Ketika Negara Abai, Luka Mendalam Dzakirah dan Tanggung Jawab Pemerintah Kuansing

Rcn.com (Pekanbaru) - Dua bulan telah berlalu sejak Allysa Dzakirah Nabila seorang anak berusia delapan tahun, menjadi korban tabrak mundur kendaraan operasional sampah milik Pemerintah Kabupaten Kuantan Singingi.

Namun hingga hari ini, luka itu belum sembuh. Bukan hanya luka fisik di bahu dan lengan kirinya yang kini bengkok dan tak lagi normal, tetapi juga luka batin sebuah keluarga yang merasa ditinggalkan oleh negara yang seharusnya hadir melindungi.

Dzakirah bukanlah pelanggar hukum. Ia bukan pelaku kecelakaan. Ia hanya seorang anak kecil yang sedang membeli nasi untuk makan siang. Namun takdir mempertemukannya dengan kelalaian sistem, lemahnya tanggung jawab, dan dinginnya birokrasi.

Ironisnya, kendaraan yang menabrak Dzakirah bukan kendaraan pribadi, melainkan kendaraan resmi milik pemerintah daerah.
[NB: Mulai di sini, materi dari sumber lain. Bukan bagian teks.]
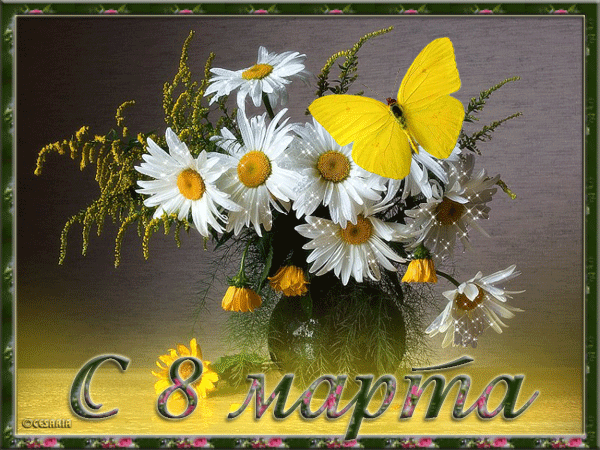 8 м 1.gif
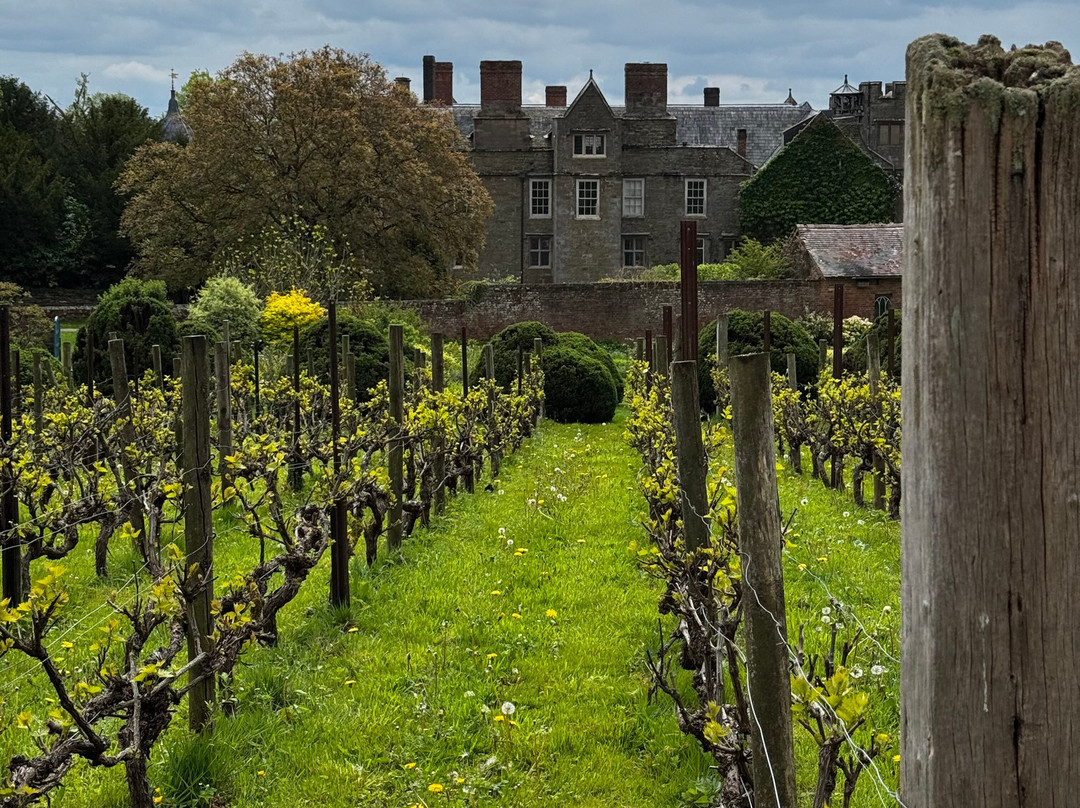 Croft Castle and Parkland-Yarpole必去景点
Artinya, peristiwa ini bukan semata kecelakaan lalu lintas, tetapi persoalan tanggung jawab negara terhadap warganya, terlebih terhadap anak di bawah umur.

Lebih memilukan lagi, kedua orang tua Dzakirah harus berulang kali “mengemis” ke sana kemari, memohon pertanggungjawaban. Mereka tidak meminta kemewahan. Mereka hanya menuntut keadilan dan bantuan agar anak mereka bisa kembali menjalani hidup yang layak.

Namun yang diterima hanyalah janji kosong dan alasan klasik, anggaran tidak ada.
Pertanyaannya, jika negara tidak hadir saat warganya terluka akibat kelalaian alat negara, lalu untuk apa negara itu ada?

Dalam prinsip pemerintahan yang beradab, tanggung jawab tidak boleh kalah oleh alasan administrasi.

Terlebih ketika korban adalah anak-anak, generasi masa depan Kuantan Singingi. Pembiaran seperti ini bukan hanya mencederai rasa keadilan, tetapi juga menciptakan preseden buruk  bahwa rakyat kecil bisa diabaikan tanpa konsekuensi.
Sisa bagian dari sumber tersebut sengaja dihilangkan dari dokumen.